Welcome back to the thirty-first Design at Scale™ Newsletter – focusing on innovation and how design drives change in a large organisation or an agency.

Trading has always been a little mysterious to people outside of financial environments. As the world remains in the numbers we have seen, we have seen very little design over the last 40 years. The majority of trading platforms are highly regulated entities, and therefore, it becomes very difficult to update them.

Often, we see that our colleagues are facing complex challenges stemming from an insufficient layout, lengthy user flows, and complex structures, all of which hinder the development of a simple yet profoundly impactful user interface for trading platforms.

With the arrival of a new wave of digital services that allow online micro-trading, we start experiencing a new wave of user interface that's allowing a relatively high volume of traits to be adjusted in sequence and processed through a new set of tools that are simple to operate and reach desirable outcomes in a relatively short time.

This pressure of micro-finance is coming to these big trading platforms. The challenge is similar: an extensive number of trades in a sequence. The difference lies in the legislative requirements between the countries and how each financial house operates. And that is why all regulated banks start bringing in design professionals who specialise in design systems architecture and design thinking to, in some way, challenge and adjust the existing environments to new workflows.

Ultimately, we have reached the point where our development teams no longer drive the user interface and user experience decisions in silos, and where the collaboration between design thinking, service design and product design delivery works in cohesion to profoundly impact the decisions and agreements of simplifying the user flow that drives the impact of this trading platform.

Quite rightly, if you want to trade within the 10 of thousands of Euro or USD, the regulatory requirements will be relatively straightforward. If your business, however, operates with trading assets exceeding $25 million, especially across different continents, such as EMEA and NA, let alone APAC, the complexity of the financial agreements between these institutions can become quite challenging. Now the challenge does not come with. The trades themselves, but getting onboarded onto such a platform can be quite a lengthy and time-consuming process.

It is a significant exercise of so-called KYC, meaning "Know Your Customer". Onboarding usually took up to 170 days. You might ask, why? Why do we need such a long time to onboard the client?

It is not necessary to address the business account name or the address of your organisation. It is more a matter of the trading agreements between countries and verifying all legislative requirements that enable you, the organisation, to hold a disposable amount of assets for trading purposes.

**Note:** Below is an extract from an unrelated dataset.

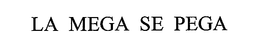 LA MEGA SE PEGA trademark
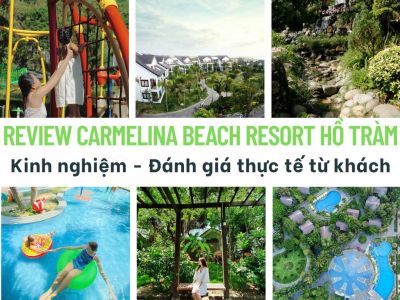Review Carmelina Beach Resort Hồ Tràm - Kinh nghiệm - Đánh giá thực tế từ khách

The team of service designers specialising in finance has been tasked with mapping an existing process to identify potential improvements. Review the documents and file handling to identify where the service can be improved. Reviewing the process of outsourcing document revision to APAC is a lengthy process. How minimal automation can improve data entry and enable the procedure to be executed within 24 hours or less. Transforming an internal communication between the client and their client manager into a seamless dialogue rather than a cold request for document submission.

Often, collecting the documents is the greatest challenge. Especially when new clients need to understand the legislation they must comply with and the information they must provide to trade between countries. Our new online tools guide customers across all steps to prepare all necessary documents before the onboarding procedure, thereby shortening the process from 170 days to 90.

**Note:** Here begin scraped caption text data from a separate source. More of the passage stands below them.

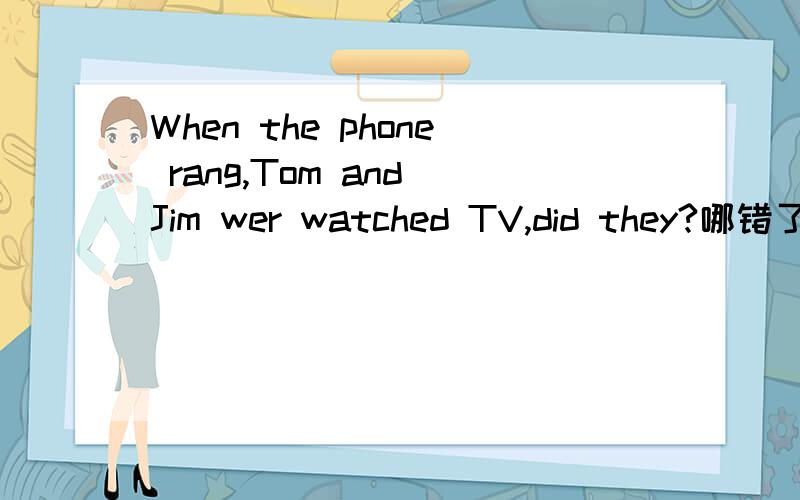 When the phone rang,Tom and Jim wer watched TV,did they?哪错了?（2处）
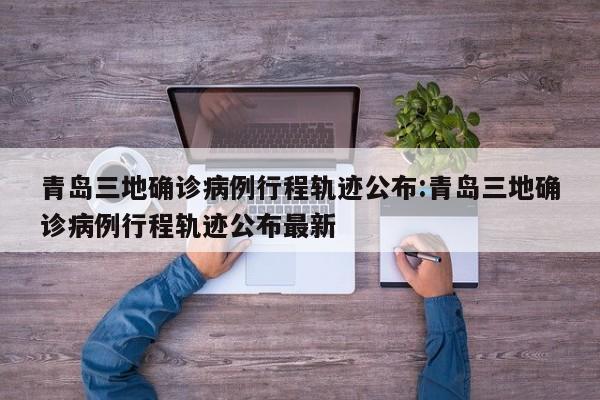 青岛三地确诊病例行程轨迹公布:青岛三地确诊病例行程轨迹公布最新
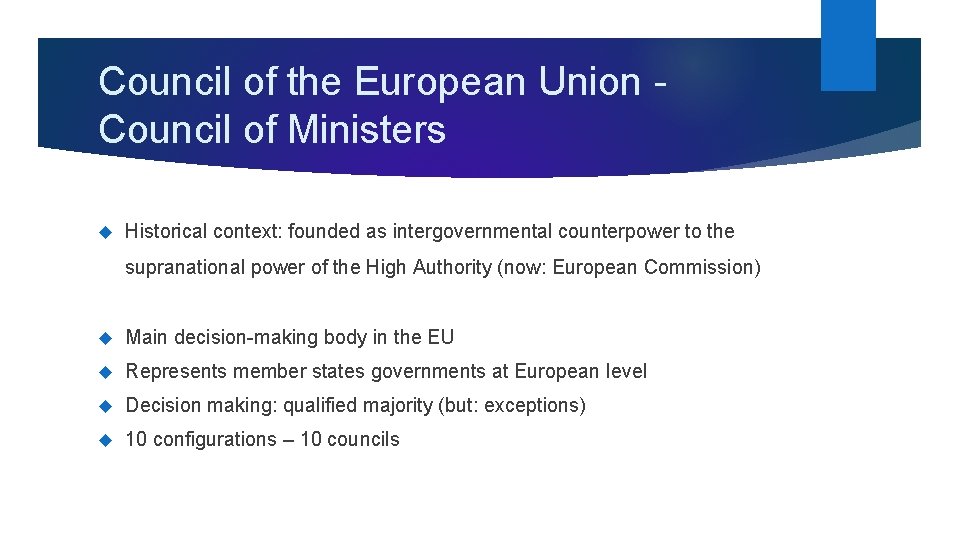 Council of the European Union - Council of Ministers Historical context: founded as intergovernmental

And we haven't stopped there. Bringing both parties, the bank and the client, in a single space to collect, confirm, evaluate, verify and sign the documents. Allowing all participants to mitigate the risk and agree on legal necessities, enabling the company/client to trade.

This simple test in the form of a coded prototype allowed newly onboarded customers to start trading in small batches. With a rising demand for goods that fit their portfolio, they can request an extension.
This trigger generated a smart contract that guided the client through the necessary steps of extended KYC, allowing trading to exceed $500K to $2.5 million. The feature allowed the client to test a new product in small batches and bank to see how clients trade, improving the product.

While scaling their trades, the legislative function in the bank has reviewed their submission and allowed/denied the upgrade. By eliminating handovers between different parties and internal departments within the bank, and unifying everything in a single digital environment, the trading managers were able to reduce the customer journey from 170 days to 10 working days.

It all comes down to collaboration. By witnessing a profound integration between design thinking, service design, and product design development, the bank has demonstrated that the new generation of designers is capable of crafting profoundly different experiences for their customers.

For more information, please visit Designa at Scale™ – GRID Magazine, where you can find additional relevant articles that explore high-performing teams, self-organising teams of 001, teams of 010, and teams of 100 that deliver the value proposition within a product-led environment.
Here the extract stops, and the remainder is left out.